Je me suis lancé dans cette lecture sans trop y penser. J’aurais peut-être pu attendre d’avoir lu plus qu’un seul livre de cet auteur. Mais quelque chose m’y poussait, et je ne m’en porte que mieux. Ce livre n’est pas une biographie de David Goodis. Une biographie relate des faits, des accomplissements de sujets dignes qu’on en parle. Une grande partie des gens contactés par Garnier, en plus de constater qu’il en savait plus sur Goodis qu’eux-mêmes, n’en revenaient pas qu’un livre soit en train de s’écrire sur quelqu’un comme Goodis. Plusieurs le trouvaient insignifiant. Ses amis ne lisaient pas ses romans. Ne s’y abaissaient pas. C’était un excentrique désolant. Un petit juif bouffon qui fantasmait sur les grosses noires vulgaires.
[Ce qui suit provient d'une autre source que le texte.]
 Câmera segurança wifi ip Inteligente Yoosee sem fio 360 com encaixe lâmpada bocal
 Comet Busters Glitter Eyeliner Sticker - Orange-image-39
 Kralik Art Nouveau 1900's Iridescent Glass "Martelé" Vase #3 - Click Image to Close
Et à travers son pèlerinage, Garnier nous fait revivre (ou simplement Vivre, dans mon cas) l’histoire du cinéma des années quarante à travers ses fouilles dans les archives de Warner, ainsi que l’évolution du monde de l’édition, des Pulp Magazines aux Paperbacks aux couvertures criardes (avec inévitablement une femme fatale, qu’il y en ait une ou non dans l’histoire), jusqu’aux maisons de prestige en France. C’est impressionnant de voir à quel point les choix éditoriaux influencent non seulement sur la lecture, mais aussi sur l’opinion que l’on se fait d’un livre.
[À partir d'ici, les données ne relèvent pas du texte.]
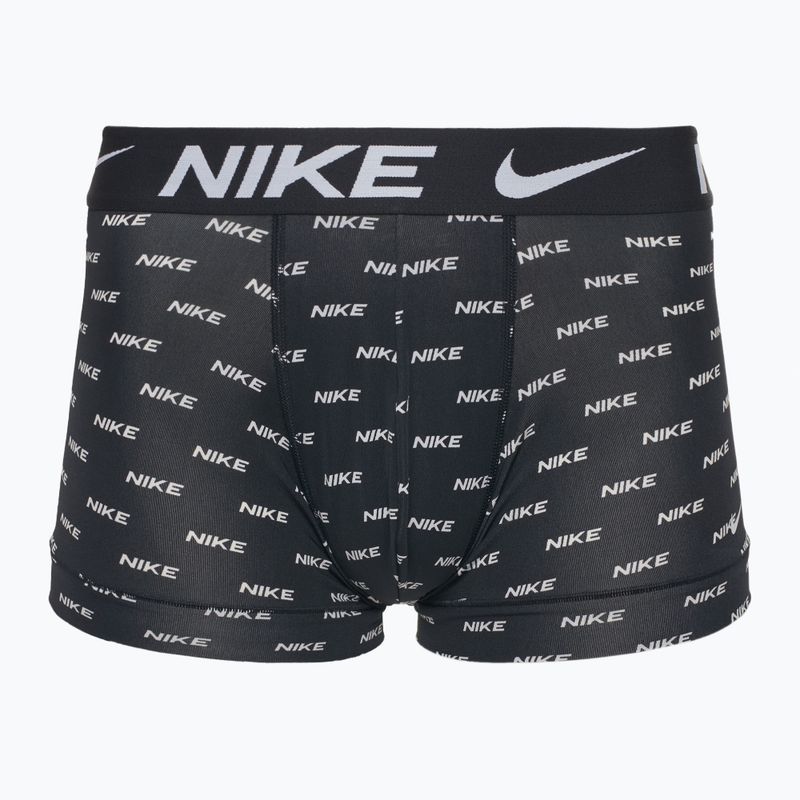 Bokserki męskie Nike Dri-Fit Essential Micro Trunk 3 pary nike logo print/cool grey/black 4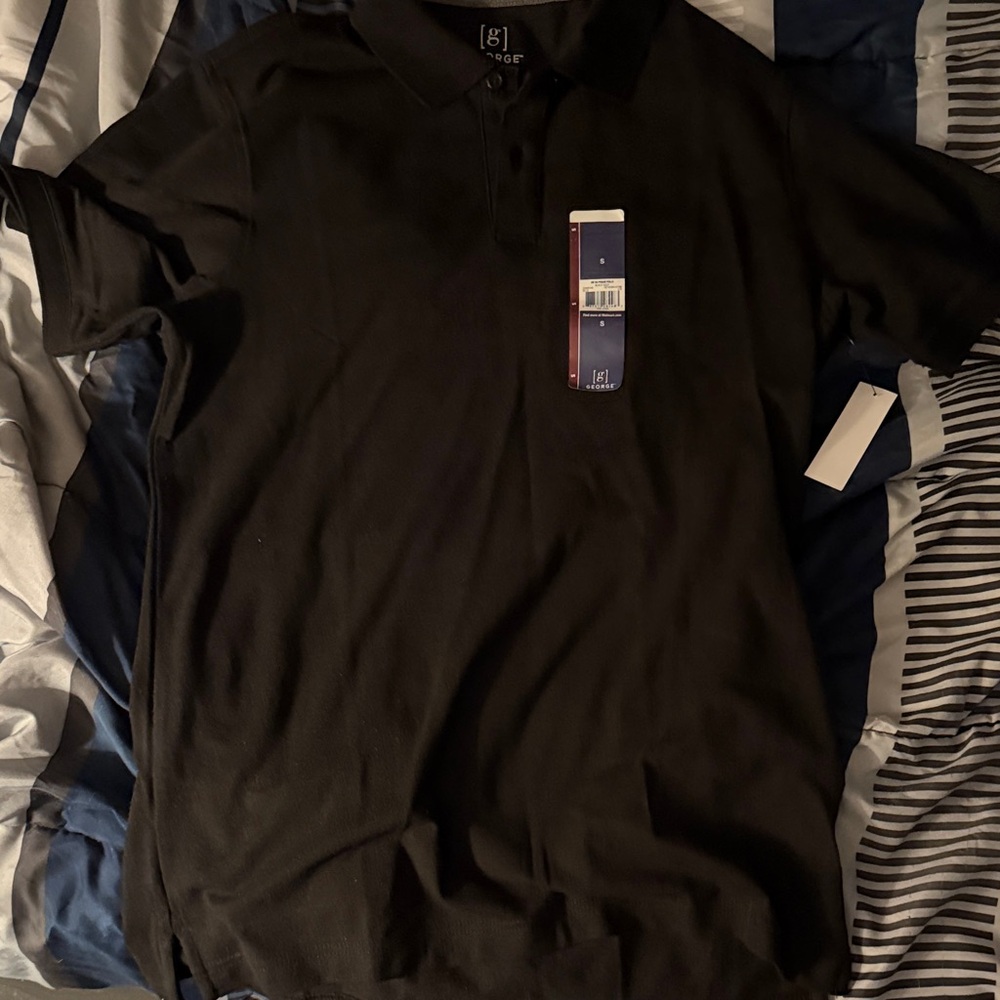 George Men's Polo Shirt in Black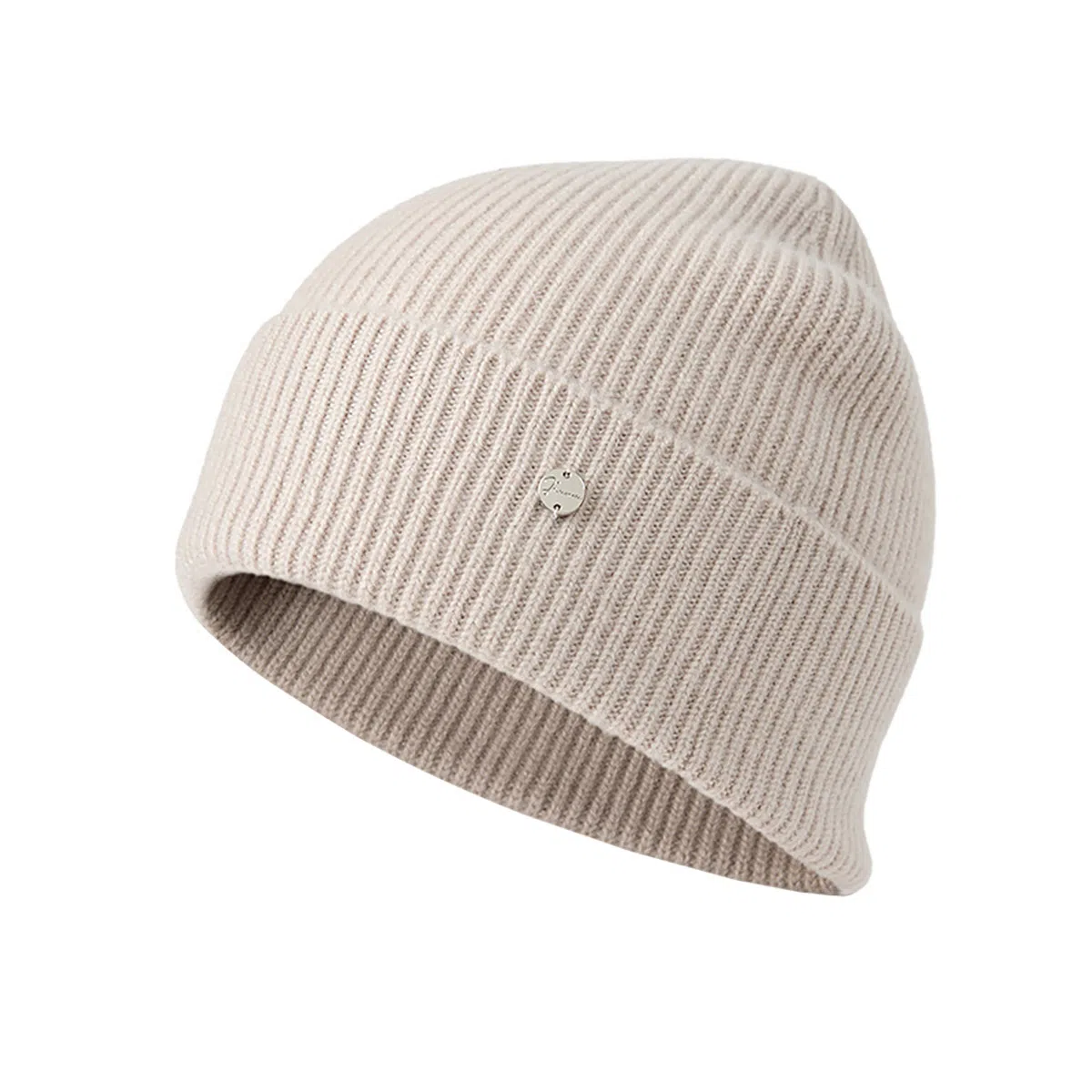 玖慕 毛线秋冬加厚保暖无缝护耳防寒针织帽 纯山羊绒 绒线帽 女款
Bien qu’un grande partie du livre comporte des entretiens transcrits ou des données d’archives, l’écriture de Garnier, dans la grande tradition des journalistes rock, fait grand bien (voir le magnifique prologue). L’auteur est traducteur de nombreux romans policiers américains, en plus d’être lui-même romancier et d’écrire pour les Inrockuptibles. Et on a envie qu’il nous en raconte. Seulement, un point qui confirme peut-être que ceci n’est pas une vraie biographie : ce livre ne donne pas particulièrement envie de lire Goodis. Le personnage est certes passionant et boulversant, mais l’idée de son œuvre qui ressort de ce livre est moins convaincante. Le fait que Goodis représente pour Garnier ses premières lectures noires à l’âge de quatorze quinze ans y est peut-être pour quelque chose. Mais plutôt que de se lancer les yeux fermés dans Goodis, on fera un tri pour se concentrer sur des titres comme « Les Passagers de la nuit », « Cauchemar », « Vendredi 13 », « La nuit tombe », « Tirez sur le pianiste! » ou « La blonde au coin de la rue ». Le reste pourra attendre.

Alors lisez ce livre si Goodis vous intrigue, vous ne serez pas déçu. Lisez-le aussi si vous vous intéressez à l’histoire du roman et du cinéma noir. Vous ne serez pas déçu non plus. Mais lisez au moins un livre de Goodis avant, vous ne vous en porterez que mieux.